We should tax those who pollute the city.

AB: You mean car drivers?

ES: Yes, cars and autos.

AB: Also the industrial units also around the city?

ES: No, no. We assume that city planning will move industrial units away from the city. Sometimes that may not be possible. But we have suggested something like a green tax on vehicles. The tax that car owners pay is so little. And in a place like Delhi, people have two or three, or even five, cars per house. Keeping cars should not be cheap. There should be parking constraints. People should not be able to park anywhere and everywhere. They should pay high fees to park. Old vehicles that pollute badly should pay a green tax. For whoever wants to purchase their first vehicle, you can be lenient. For the second vehicle, the registration fee should be doubled. That is the sort of disincentive to have for personal vehicles. But before that, public transport must be available, and for that, investment is necessary.
Investment is not at all difficult, provided there is a will to raise the money.

AB: There has been a recent proposal by the Delhi government to introduce a congestion tax in some parts of the city.

ES: Yes, by the Municipal Corporation of Delhi.

AB: And also to raise parking fees in some areas. So, would you say that is a step in the right direction?

ES: Yes. Parking fees should be raised. The cost of land is high. You can't allow vehicle owners to lock up this valuable space in the city. We should encourage people to use public transport.

AB: What is your view on a tram system as a sort of feeder or supplement to the metro and road systems? Delhi had trams long ago. Kolkata still has them.

ES: Tram systems have undergone a change now. Today it is called LRT (Light Rapid Transit). It is essentially a tramway sharing the right of way with the road. These operate in most European countries. But these are systems in cities that are spread out, with wide roads. If you are going to share right of way with other road vehicles here, trams will cause bottlenecks. You can have trams if the roads are wide and you can segregate a portion for the tramway. But our cities are not planned that way. So I do not advocate LRT here. Instead, it should be light metro.

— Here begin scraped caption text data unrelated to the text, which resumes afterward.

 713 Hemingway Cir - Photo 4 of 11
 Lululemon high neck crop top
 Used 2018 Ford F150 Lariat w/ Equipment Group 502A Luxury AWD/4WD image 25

The only thing that is different is: on the ground, it is elevated, rather than underground.

AB: How is light metro different from regular metro?

ES: The capacity of heavy metro is 90,000 passengers per hour in one direction. In a light metro, it would be only about 25,000. Many cities are planning medium metro, such Chennai and Bangalore. That is about 45,000 to 50,000 PHPDT, or 'peak hour, peak direction traffic'. Cities such as Mumbai and Delhi require heavy systems.

AJ: Is this a viable system? Indian cities are growing rapidly, so won't the light metro become congested?

ES: No, no. You always make a provision to expand the system. If a line gets congested, you can build a parallel line and siphon traffic to that. That is what every city has done. If you see London, so many lines criss-cross. They weren't all built at the same time. Many came up in the last six years. As the city grows, you increase the network. Add lines. You can't plan one line for 90,000 passengers. Then it is an investment that is not fetching any money. As the city grows, the network should expand.

AB: Bangalore was planning a monorail system some time ago. I don't think it was very successful. What are your views on that?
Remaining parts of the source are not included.